Des moyens d'actions sont donc possibles, l'État se doit d'aller au-devant des projets qu'il sait nécessaires, pressent les sénateurs, qui proposent également de revenir sur le plafonnement des ressources de ce fonds. Un point est par ailleurs fait sur le faible rythme de réalisation du plan séisme Antilles : les financements prévus sont sous-utilisés en raison d'un nombre de projets portés par les collectivités que le ministère estime insuffisant. Les rapporteurs relèvent une autre lacune, la faible prise en compte du bâti de l'État dans le champ de ce plan séisme, et conseillent de mobiliser davantage le fonds Barnier pour la mise aux normes sismiques de ce bâti.

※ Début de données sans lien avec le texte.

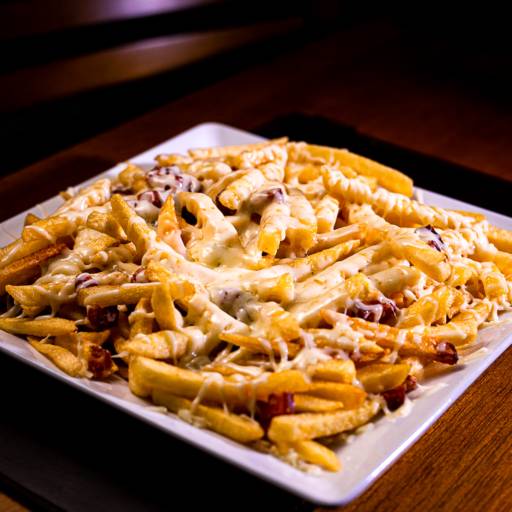 Porção de Batata por Churrascaria Sudoeste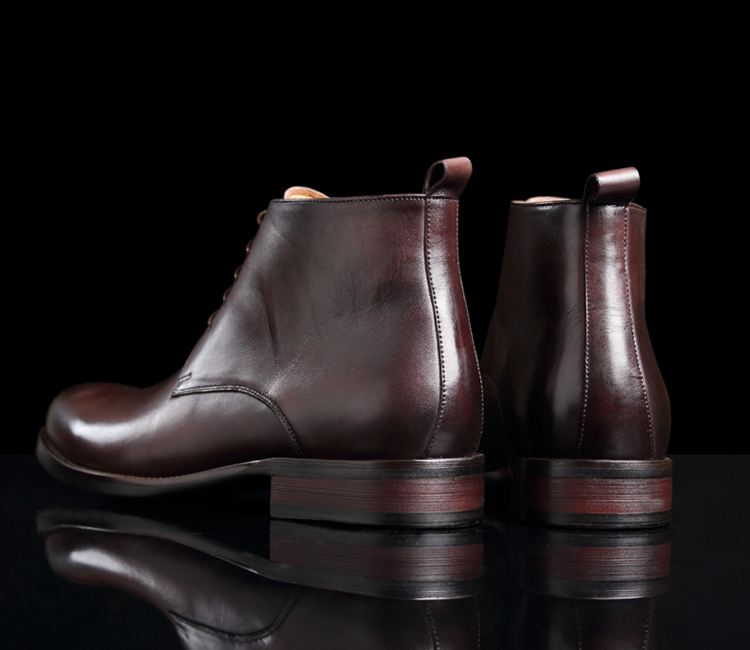 Giày mùa thu nước Anh mới Martin Martin giày nam da kinh doanh giày thể thao nam sneaker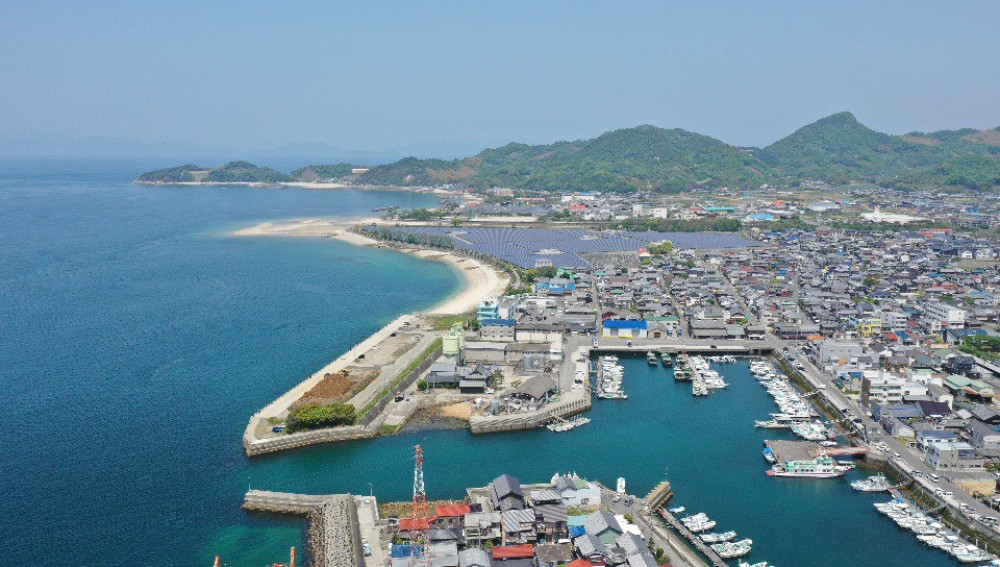 上空写真の施設画像 - 12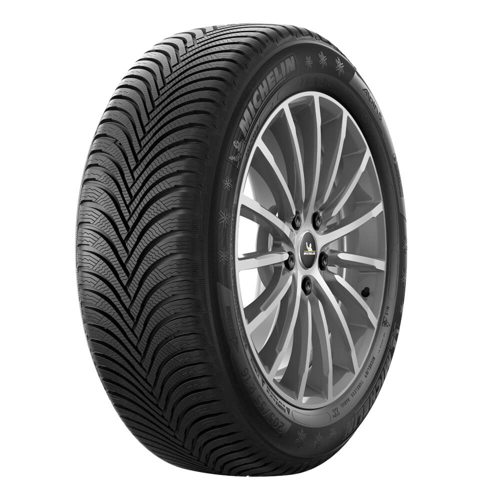 Alpin 5 ZP 225/45R17 91V M+S 3PMSF Kış Lastiği (Üretim Tarihi: 2025)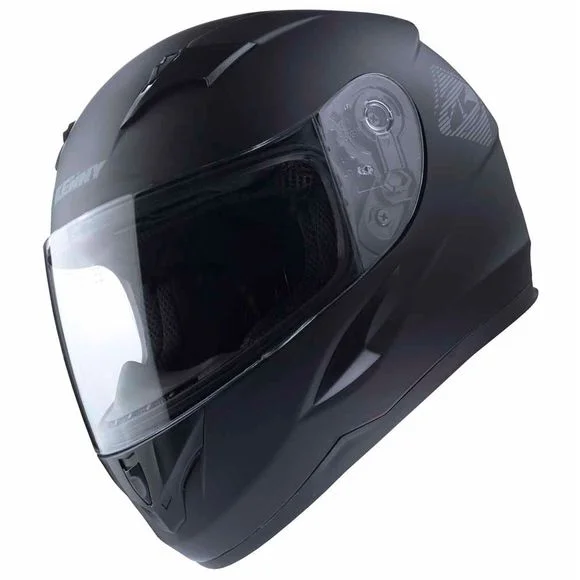 Casque Kenny KID TARGA – NOIR MAT – Noir Ref : KE0611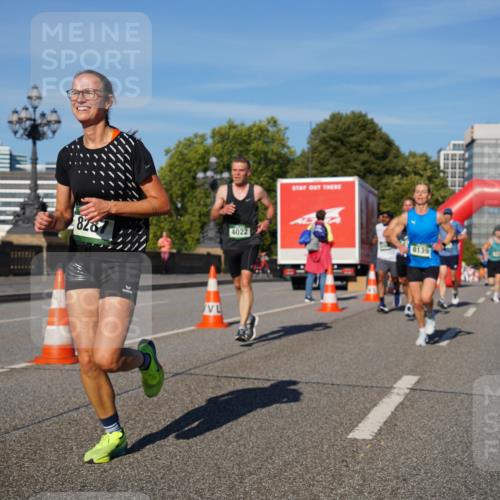 07.09.2025 - BARMER Alsterlauf Yannick Fuchs http://msf.ph/oto/8752632 07.09.2025 09:36:27 Laufen 8287, 4022, 8139 meine-sportfotos.de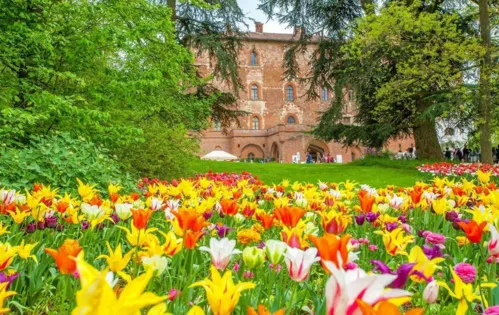 Messer Tulipano e il Castello di Pralormo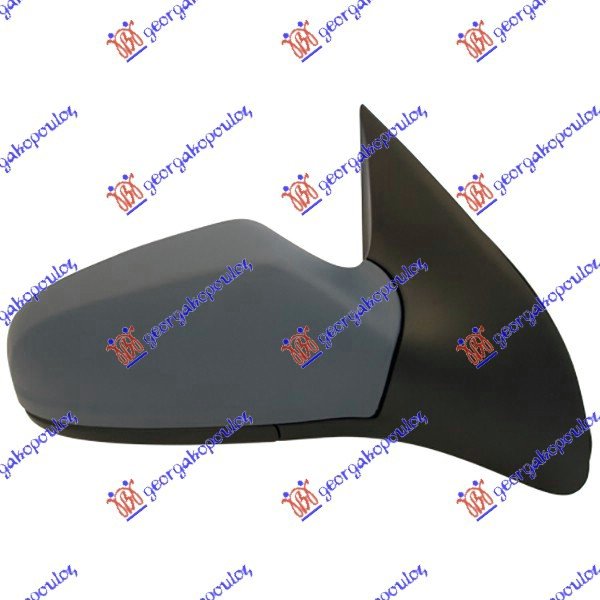DOOR MIRROR EL. HEAT. FOLD. 3D GTC PRIME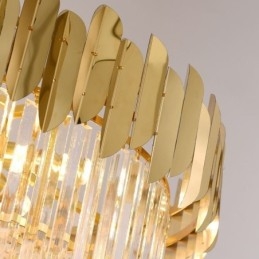 Gorgeous Pendant Light K9 Crystal Ceiling Light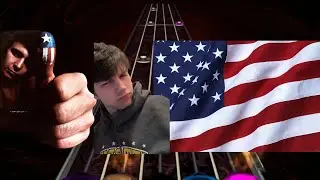 American Pie by Don McLean | Clone Hero | America Trilogy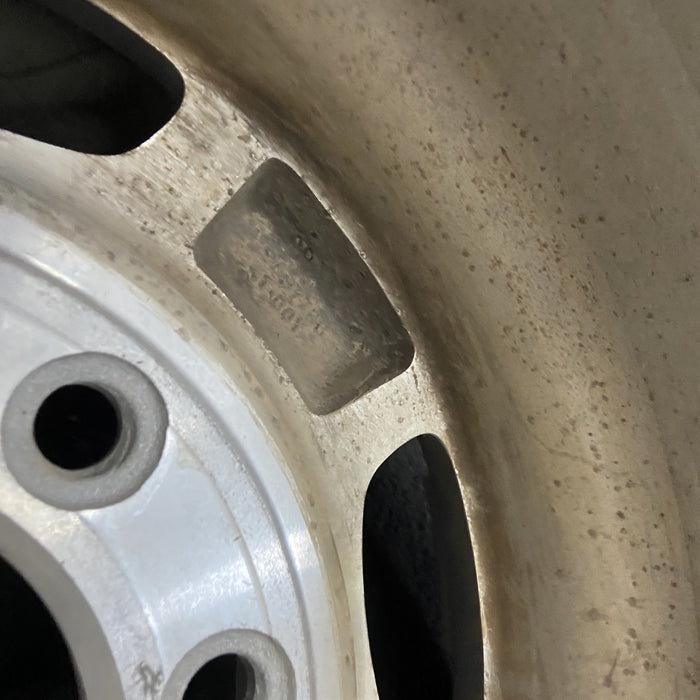 17" SIERRA 2500 PICKUP 11-13 17x7.5, aluminum Original OEM Wheel Rim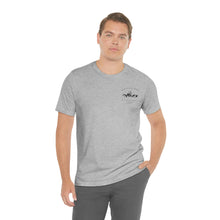 Load image into Gallery viewer, Rustoration Garage - Jersey Short Sleeve Tee - Logo on the Back
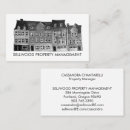 Search for moving announcement business cards Professional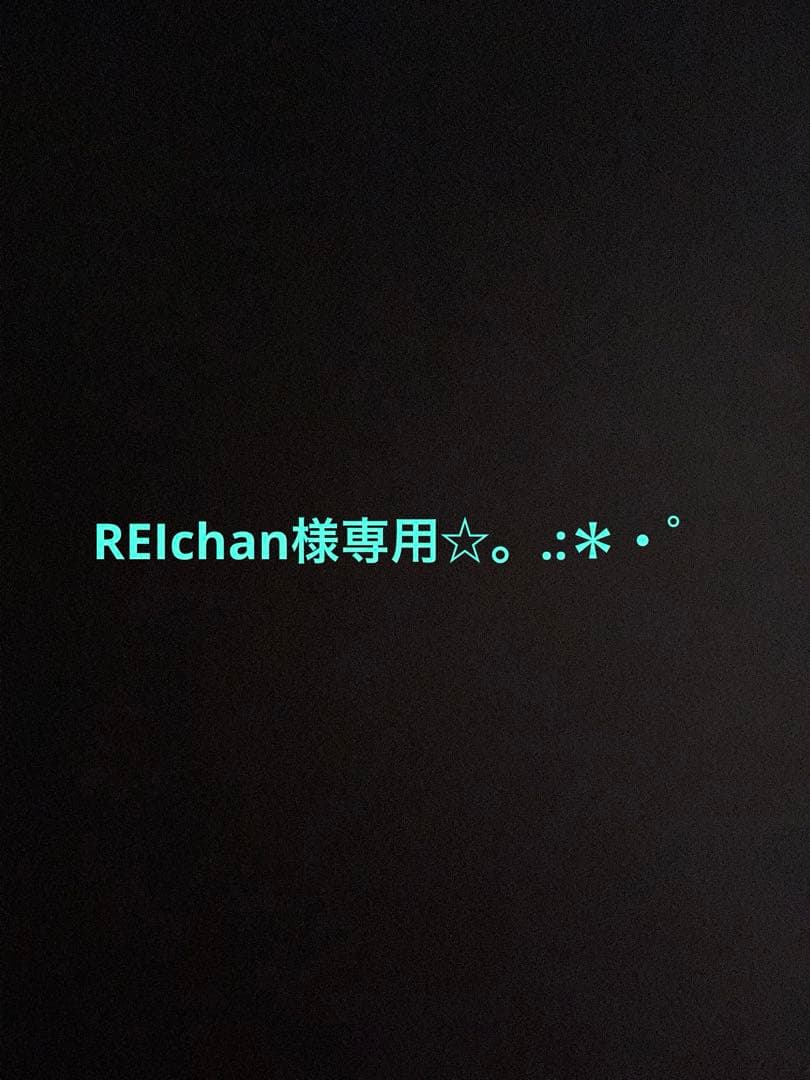 REIchan ページ☆。.:＊・゜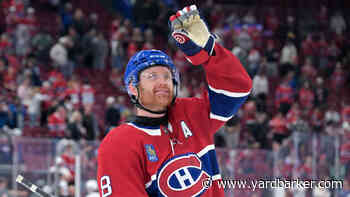 The Canadiens Meet the Maple Leafs, Expecting to Win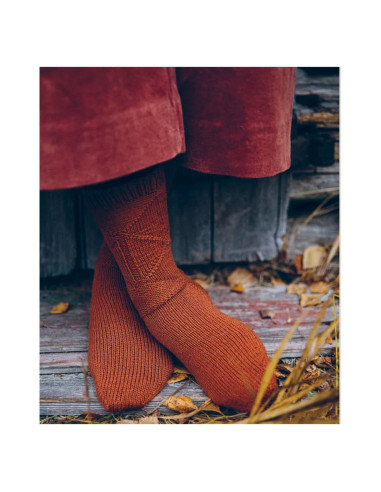Book 52 Socks to Knit All Year Round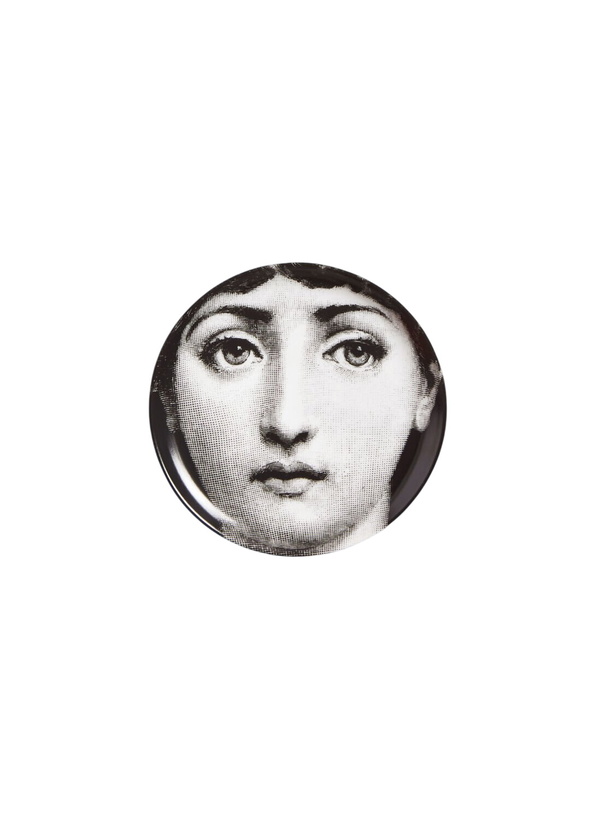 Photo: Fornasetti Tema e Variazioni N.1 Coaster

Alerte de masse et plans sirène

La ministre des outre-mer, Annick Girardin, a souligné lors de l'examen du rapport l'importance de l'information lors de la survenance d'un aléa et le sentiment de déconnexion vécu par les habitants. Signalétique d'évacuation en cas de tsunami, actualisation des documents d'information communaux et territoriaux sur les risques (Dicrim et Ditrim), messages éducatifs et préventifs notamment dans les lieux touristiques et les médias locaux : les recommandations sénatoriales sont nombreuses. Pour renforcer les moyens d'anticipation et d'alerte ils proposent d'engager un "plan sirènes". Ce moyen d'alerte de masse est jugé indispensable. Mais le déploiement de sirènes de nouvelle génération patine. Si une nouvelle vague d'installations est prévue aux Antilles, là aussi Mayotte et Wallis-et-Futuna sont plus démunis.
Le recours aux alertes téléphoniques reste aussi à mieux "calibrer selon le contexte territorial". Des propositions concrètes sont aussi faites concernant la mise à l'abri des populations (construction d'abris de survie cycloniques en Polynésie française) et les dispositifs de secours. Ils suggèrent d'étudier la pertinence de nommer des préfets délégués pour la sécurité et la défense afin d'assister et conforter les préfets de zone (recommandation n° 37). Ou encore de créer un régime juridique d'état d'urgence calamité naturelle, comme il en existe en Nouvelle-Zélande, "afin de mieux asseoir l'autorité du représentant de l'État". Dans chaque territoire devrait être idéalement instauré une Semaine des risques naturels pour "susciter l'adhésion du plus grand nombre avec des exercices grandeur nature, des partenaires des pays voisins et des exercices en milieu scolaire et dans l'entreprise".
Pour renforcer la dimension collective de la gestion de crise, la légitimité des exécutifs territoriaux à être représentés au sein des centres opérationnels des préfectures doit être reconnue, car ils sont des "relais de poids dans les territoires, offrant une audience renforcée aux messages publics". Enfin, pour que cette association des élus des collectivités se mue en un partenariat durable, le rapport propose d'organiser chaque année un séminaire territorial des risques naturels réunissant les principaux acteurs de la sécurité civile et des secours.